[WORK TO COMPLETE] Where an entry contains a picture, omit the picture and repeat the rest exactly.

══ RECORDS SUPPLIED ══

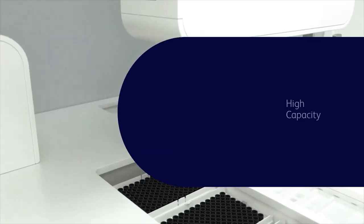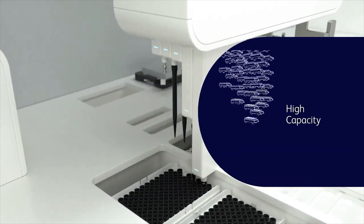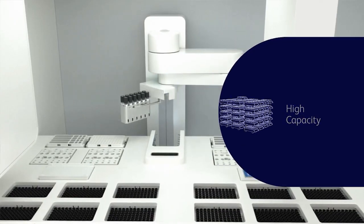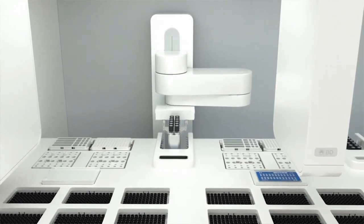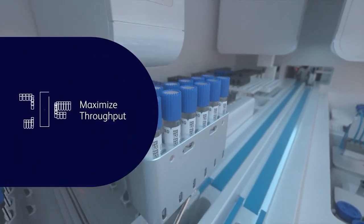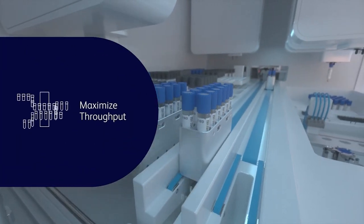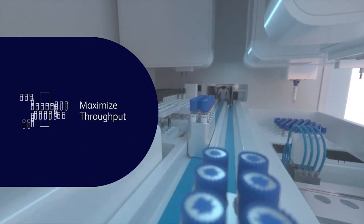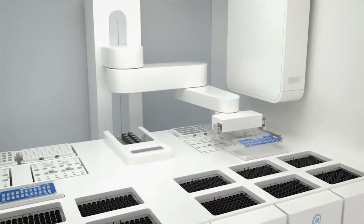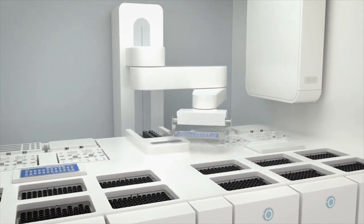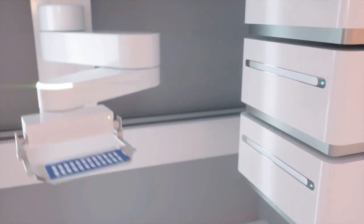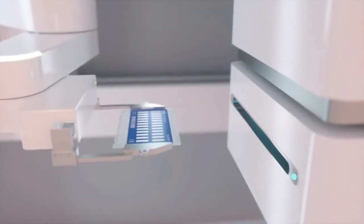Its high capacity for specimens, reagents, and consumables means it needs fewer user interactions. This allows you to maximize throughput while freeing lab staff to perform other tasks, and less time interacting with the instrument also reduces the potential for errors.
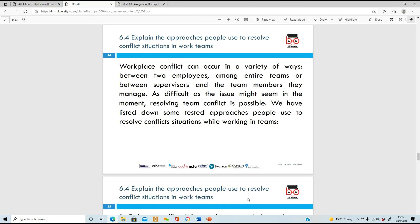On to 6.4 - explain the approaches people use to resolve conflict situations in work teams. Conflict can happen in a variety of ways: between a couple of employees, between entire teams, or between supervisors and the team members they're managing. Difficult issues can happen because as humans, we can be very emotional and get distraught, especially if we feel we're not being looked after or our loyalty is being tested.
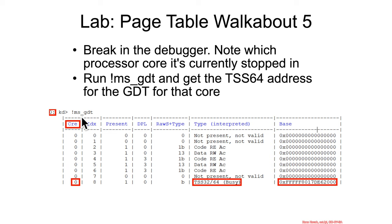So to do that, I want you to go back and do your msgdt, and then you need to take note of which particular processor it stopped you on when you just broke into the debugger.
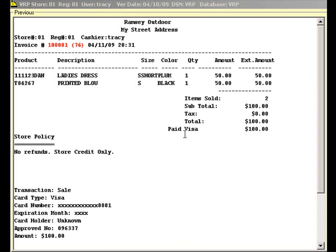Here is what the receipt looks like. You will notice that VRP automatically recognizes the type of credit card being used, in this case a Visa.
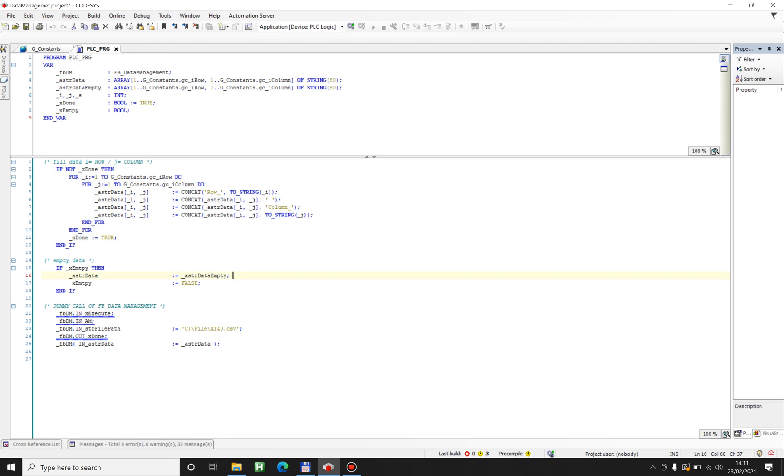So what you can do with this function block is up to you, but you can manage data very easily and create files, delete files and overwrite them, append them and construct the data however you like.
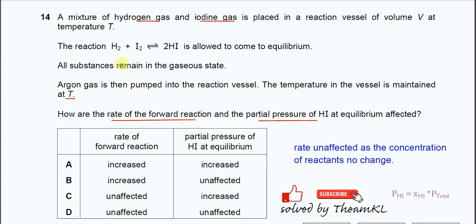First, the argon gas is an inert gas. It will not react with any of these reactants and products — there are no reactions between them.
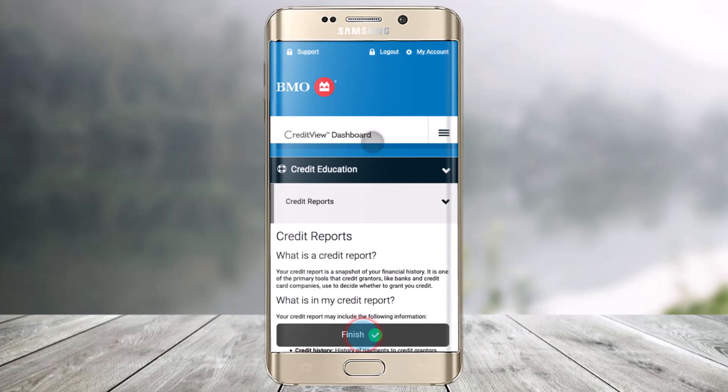That is it for this video on how you can view your credit score on the BMO mobile app. We hope the video was really helpful. If it did help you, make sure to leave a like and subscribe to our channel. If you have any questions, feel free to leave them down below. Thank you very much for watching, and see you in the next video.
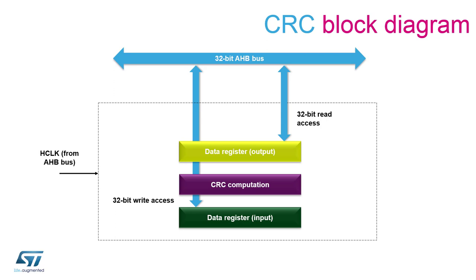The CRC computation engine will hold the result of any previous CRC calculation, which then becomes the initial value of the next calculation, thus allowing a new CRC computation of data blocks.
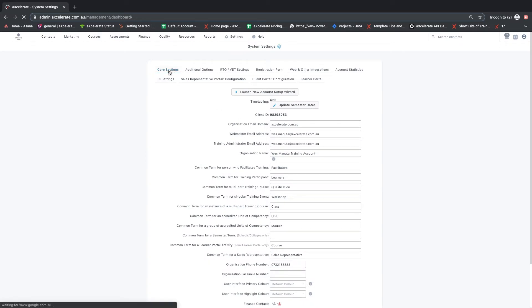The information for the first four fields is automatically generated from the key contact upon account creation, so please ensure that this data is accurate.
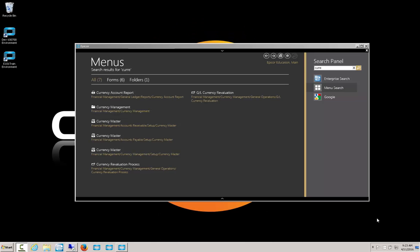Hello, my name is Perry Gunderman, and today we're going to be taking a look at using foreign currency symbols inside of Epicor.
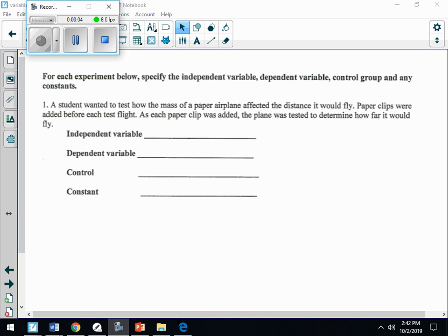This is the back page. For each experiment below, specify the independent variable, the dependent variable, and the control group. Let's go over what an independent variable is. On every experiment you ask the question, gather information, and then write your hypothesis. Your hypothesis will define what you're testing and what you expect to happen.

═══

[ANSWER FOR THIS EXERCISE]
Its high capacity for specimens, reagents, and consumables means it needs fewer user interactions. This allows you to maximize throughput while freeing lab staff to perform other tasks, and less time interacting with the instrument also reduces the potential for errors.
On to 6.4 - explain the approaches people use to resolve conflict situations in work teams. Conflict can happen in a variety of ways: between a couple of employees, between entire teams, or between supervisors and the team members they're managing. Difficult issues can happen because as humans, we can be very emotional and get distraught, especially if we feel we're not being looked after or our loyalty is being tested.
So to do that, I want you to go back and do your msgdt, and then you need to take note of which particular processor it stopped you on when you just broke into the debugger.
Here is what the receipt looks like. You will notice that VRP automatically recognizes the type of credit card being used, in this case a Visa.
So what you can do with this function block is up to you, but you can manage data very easily and create files, delete files and overwrite them, append them and construct the data however you like.
First, the argon gas is an inert gas. It will not react with any of these reactants and products — there are no reactions between them.
That is it for this video on how you can view your credit score on the BMO mobile app. We hope the video was really helpful. If it did help you, make sure to leave a like and subscribe to our channel. If you have any questions, feel free to leave them down below. Thank you very much for watching, and see you in the next video.
The CRC computation engine will hold the result of any previous CRC calculation, which then becomes the initial value of the next calculation, thus allowing a new CRC computation of data blocks.
The information for the first four fields is automatically generated from the key contact upon account creation, so please ensure that this data is accurate.
Hello, my name is Perry Gunderman, and today we're going to be taking a look at using foreign currency symbols inside of Epicor.
This is the back page. For each experiment below, specify the independent variable, the dependent variable, and the control group. Let's go over what an independent variable is. On every experiment you ask the question, gather information, and then write your hypothesis. Your hypothesis will define what you're testing and what you expect to happen.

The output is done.